The line containing "Infant Boys Poly" marks the start of the required copy, which runs to the final line of the entries; return those lines exactly, without any pictures.
#### GIVEN DATA
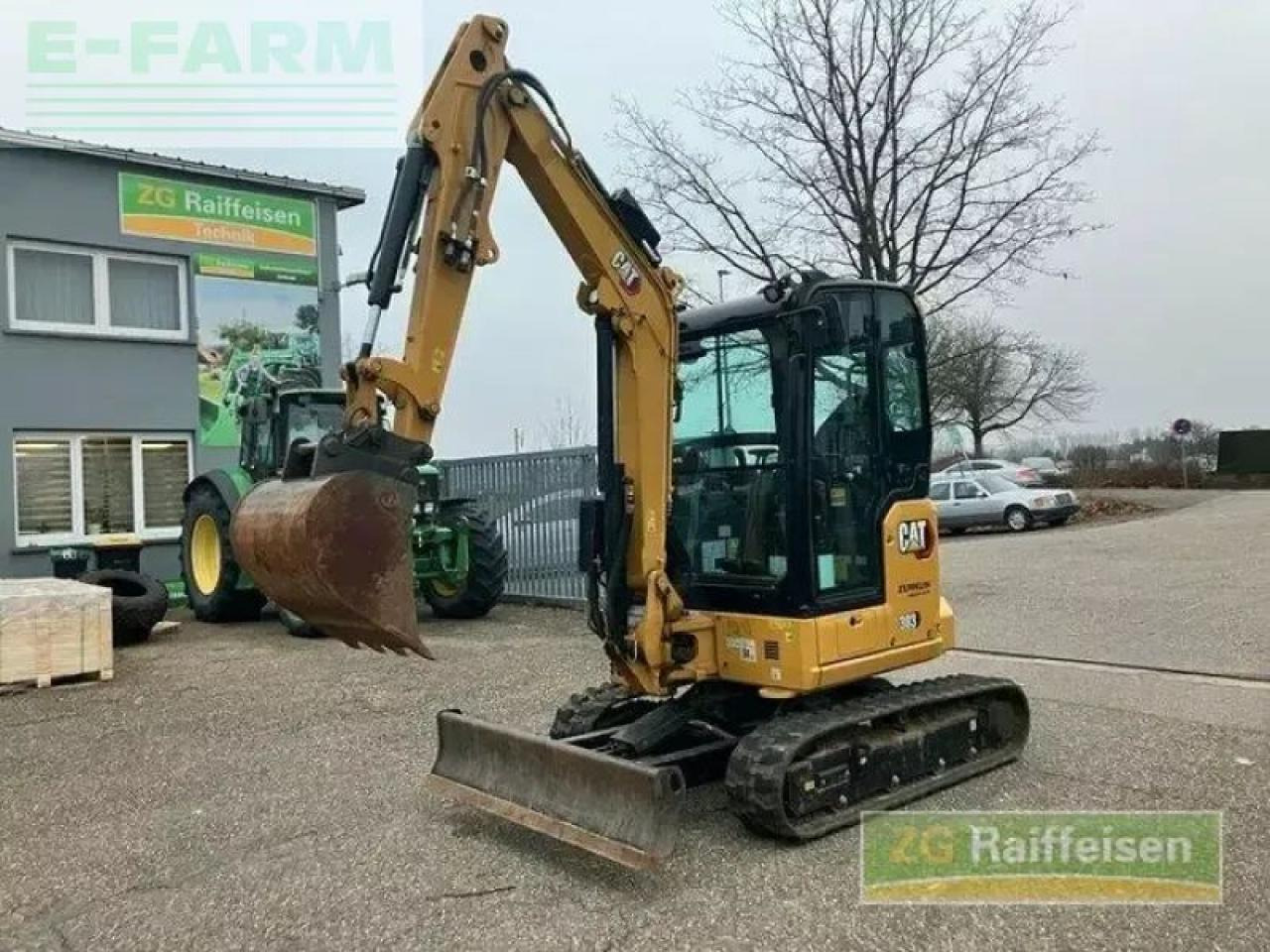 Caterpillar 303 minibagger - Minigraafmachine: afbeelding 2 Caterpillar 303 minibagger - Minigraafmachine: afbeelding 2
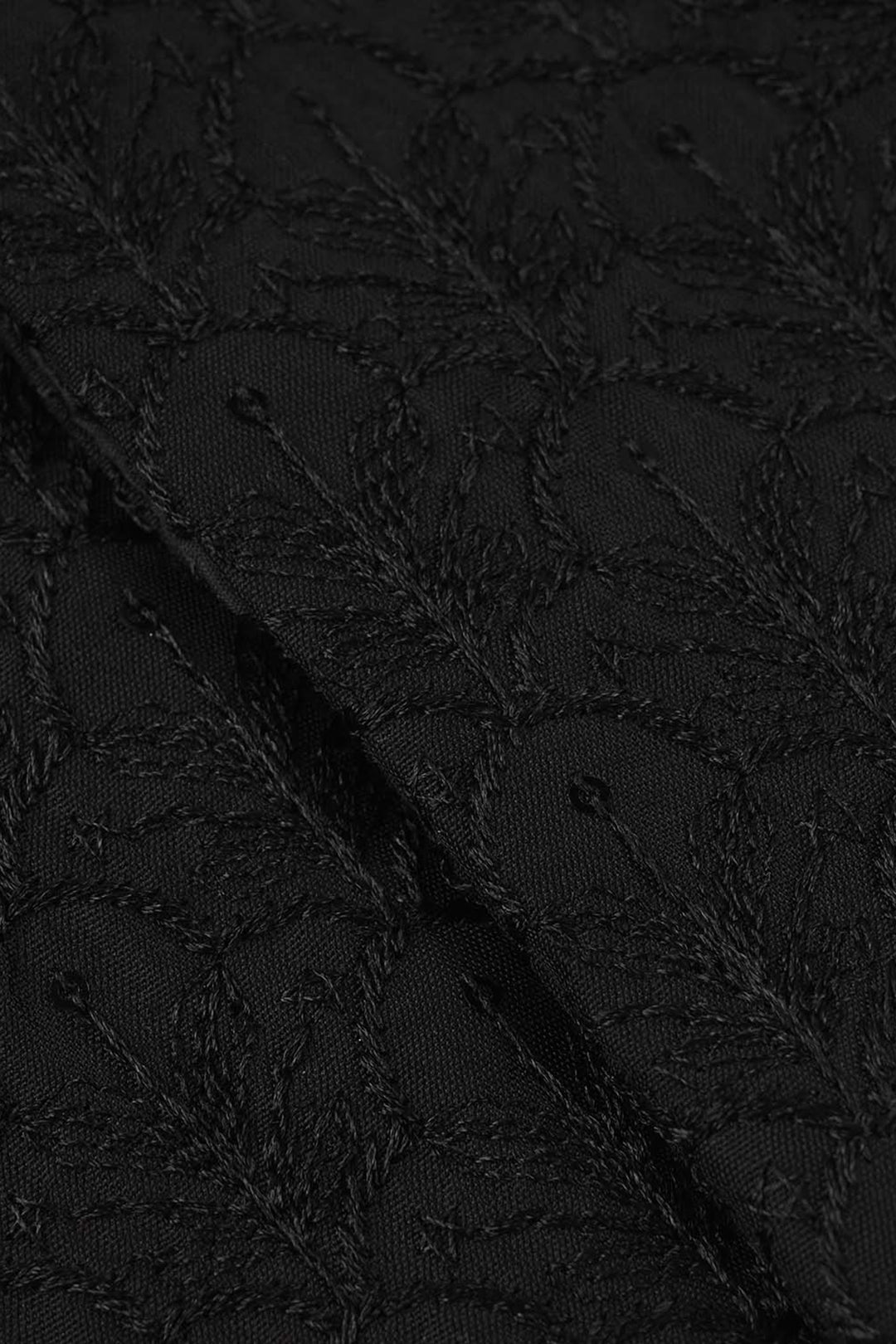 Infant Boys Poly Viscose Waistcoat (Charm) - Black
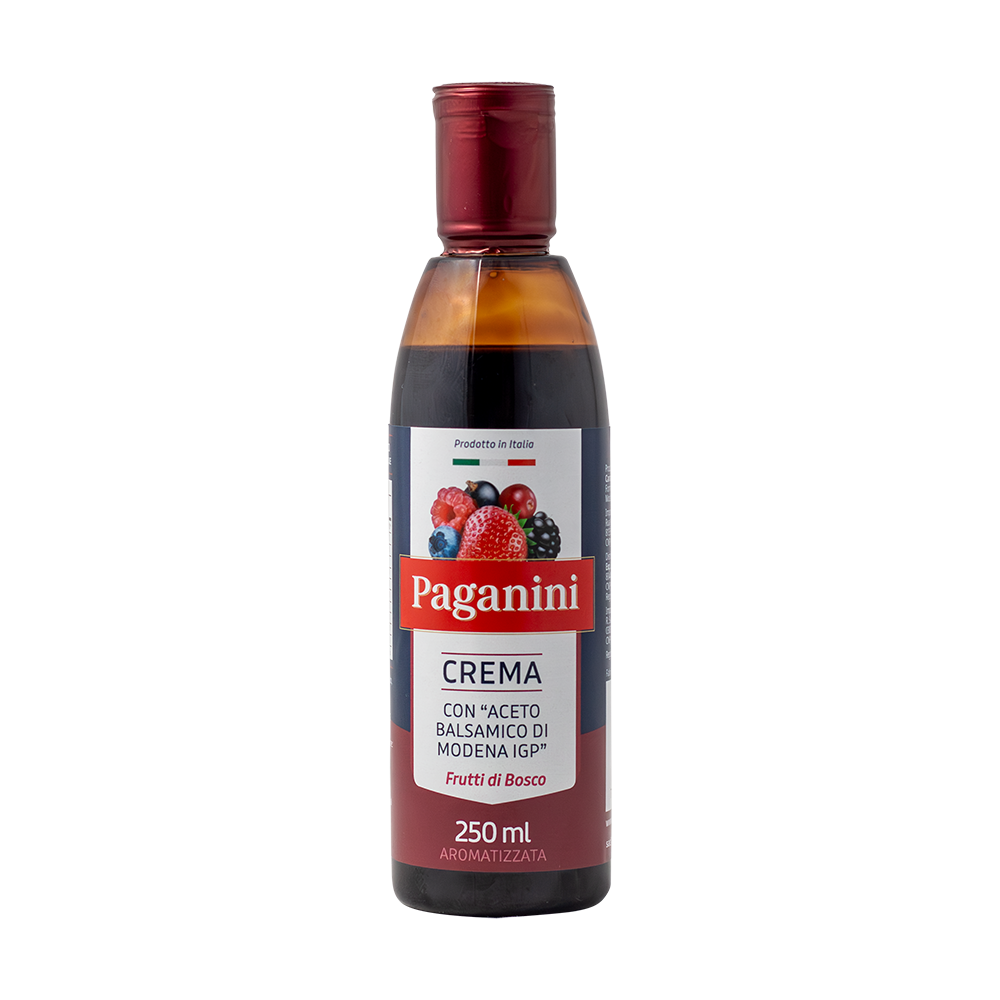 IMAGEM DO PRODUTO CREMA IT PAGANINI FRUTA DO BOSQUE 250ML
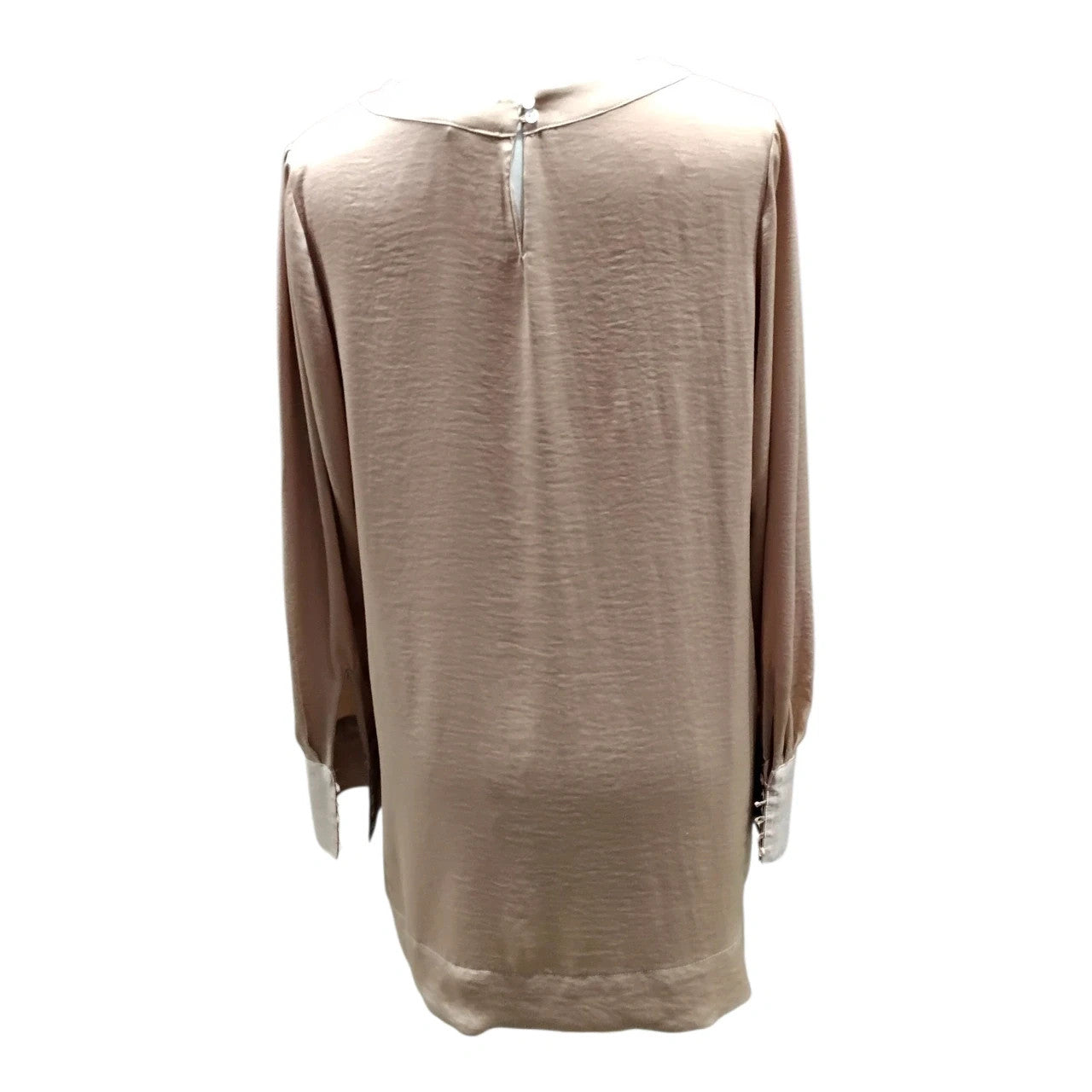7078 M&S Caramel colour l/s top
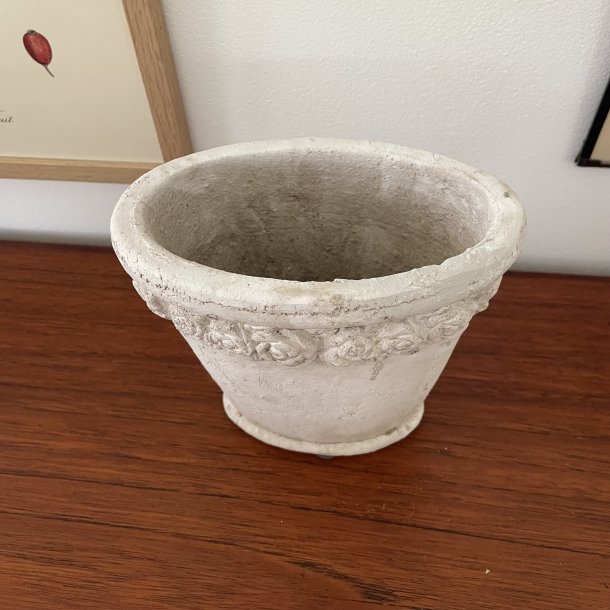 Skjuler - oval m/roser 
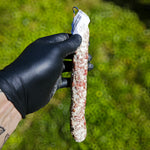 Saucisson sec aux girolles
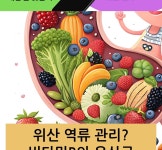 [푸드 테라피] 위산 역류, 비타민B와 유산균이 좋다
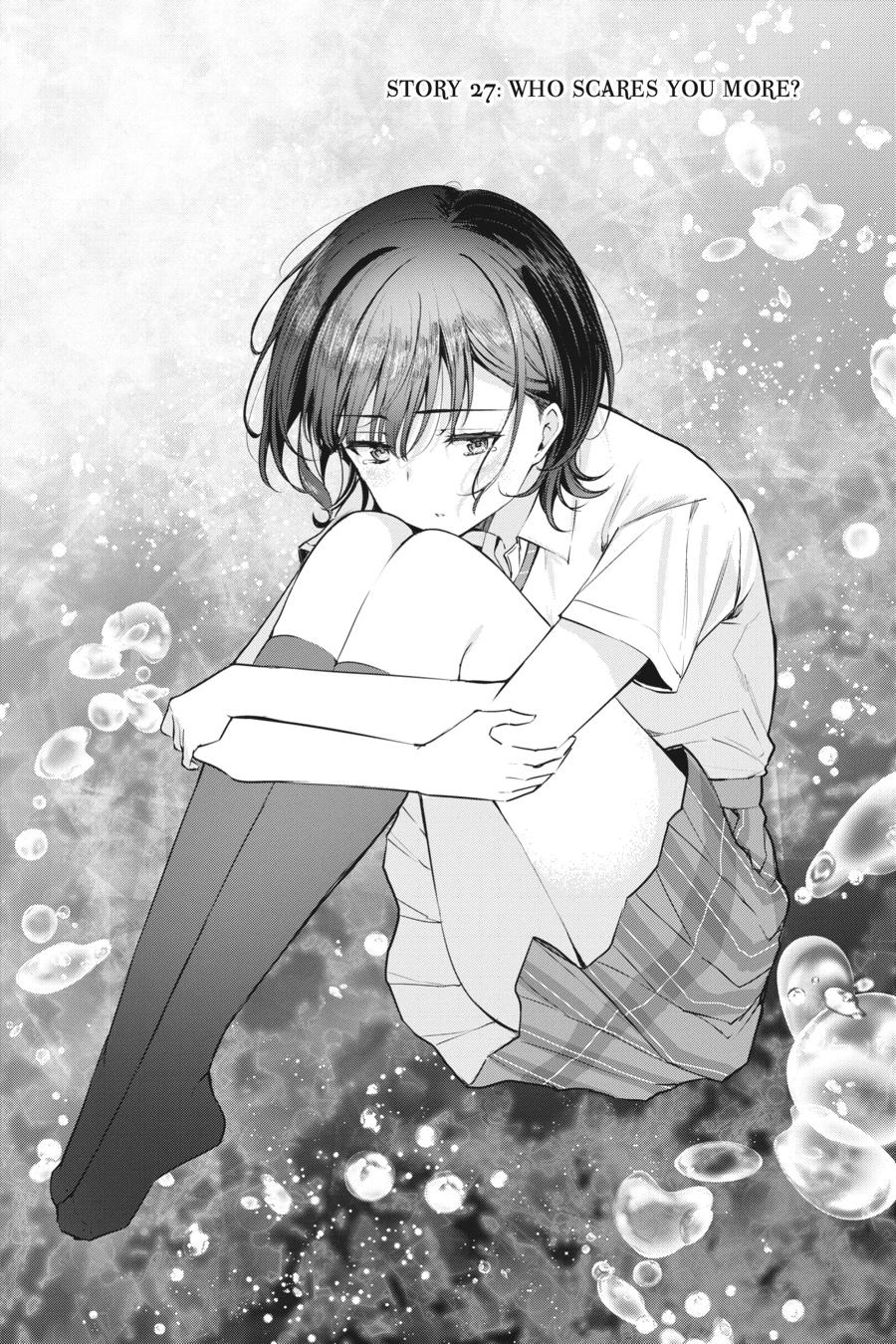 Read Chitose Is in the Ramune Bottle Manga Online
########
- EXERCISE OUTPUT:
 Infant Boys Poly Viscose Waistcoat (Charm) - Black
 IMAGEM DO PRODUTO CREMA IT PAGANINI FRUTA DO BOSQUE 250ML
7078 M&S Caramel colour l/s top
 Skjuler - oval m/roser 
 Saucisson sec aux girolles
 [푸드 테라피] 위산 역류, 비타민B와 유산균이 좋다
 Read Chitose Is in the Ramune Bottle Manga Online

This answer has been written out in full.